Exercise:
All of the data below should be repeated exactly. Pictures should not be included.
Dataset content Start Marker
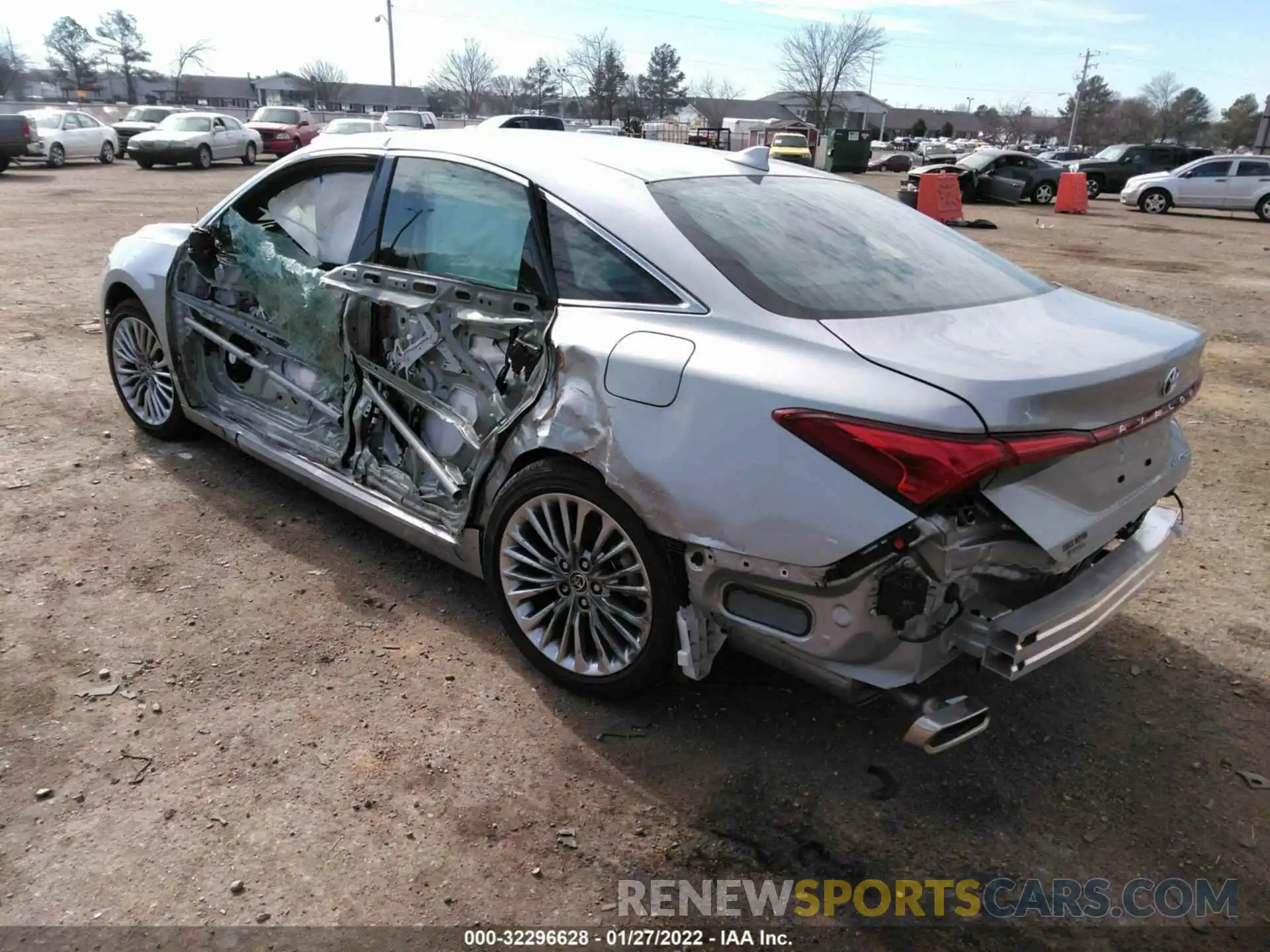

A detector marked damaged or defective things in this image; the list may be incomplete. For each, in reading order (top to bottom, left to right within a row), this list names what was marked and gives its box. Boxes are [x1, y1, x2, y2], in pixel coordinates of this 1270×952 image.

crumpled sheet metal [221, 212, 345, 376]
shattered window glass [264, 171, 370, 265]
shattered window glass [378, 159, 533, 290]
shattered window glass [548, 206, 685, 305]
damaged silver car [99, 132, 1199, 751]
damaged rear bumper [954, 508, 1178, 680]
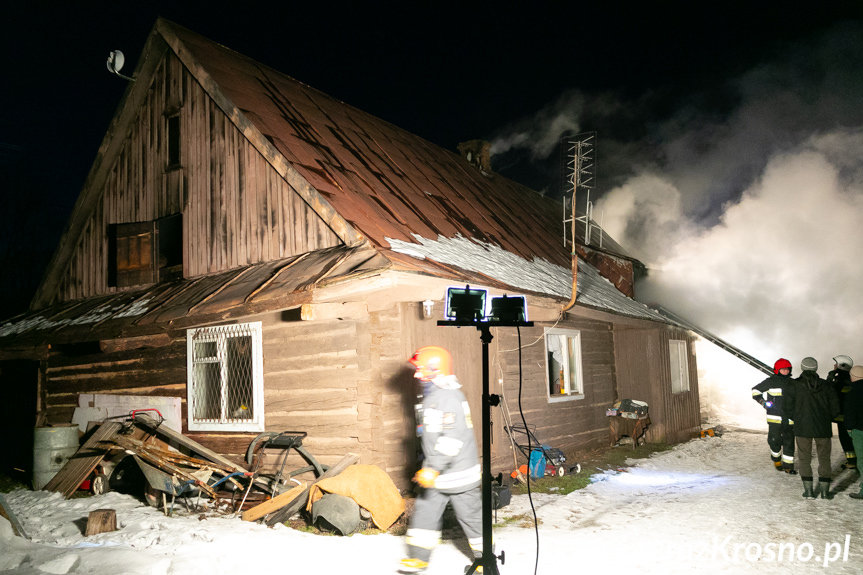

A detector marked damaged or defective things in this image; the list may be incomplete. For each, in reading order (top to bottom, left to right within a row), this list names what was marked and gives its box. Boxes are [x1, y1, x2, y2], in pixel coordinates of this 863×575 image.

broken wooden plank [243, 482, 308, 520]
broken wooden plank [264, 452, 358, 528]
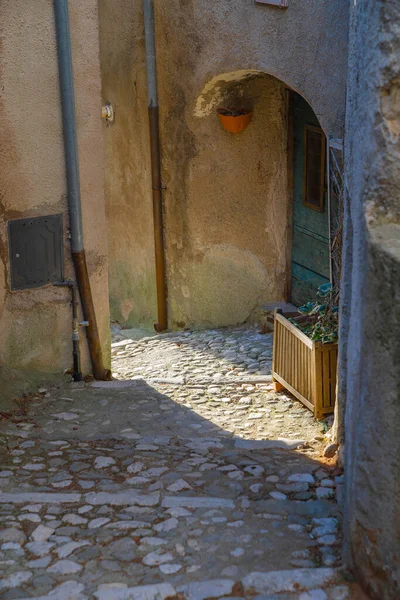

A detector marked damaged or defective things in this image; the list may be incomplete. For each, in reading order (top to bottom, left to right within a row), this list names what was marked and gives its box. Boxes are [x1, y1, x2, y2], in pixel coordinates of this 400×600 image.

rusty metal pipe [54, 0, 111, 380]
rusty metal pipe [144, 0, 167, 332]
Dataset content End Marker
Problem solution:
A detector marked damaged or defective things in this image; the list may be incomplete. For each, in reading order (top to bottom, left to right within a row), this list names what was marked and gives its box. Boxes are [x1, y1, x2, y2], in pixel coordinates of this 1270×952 image.

crumpled sheet metal [221, 212, 345, 376]
shattered window glass [264, 171, 370, 265]
shattered window glass [378, 159, 533, 290]
shattered window glass [548, 206, 685, 305]
damaged silver car [99, 132, 1199, 751]
damaged rear bumper [954, 508, 1178, 680]

A detector marked damaged or defective things in this image; the list may be incomplete. For each, in reading order (top to bottom, left to right within a row), this list names what was marked and gives its box. Boxes are [x1, y1, x2, y2], in pixel coordinates of this 863×575 image.

broken wooden plank [243, 482, 308, 520]
broken wooden plank [264, 452, 358, 528]

A detector marked damaged or defective things in this image; the list may be incomplete. For each, in reading order (top to bottom, left to right within a row), this list names what was marked and gives its box. Boxes are [x1, y1, x2, y2], in pixel coordinates of this 400×600 image.

rusty metal pipe [54, 0, 111, 380]
rusty metal pipe [144, 0, 167, 332]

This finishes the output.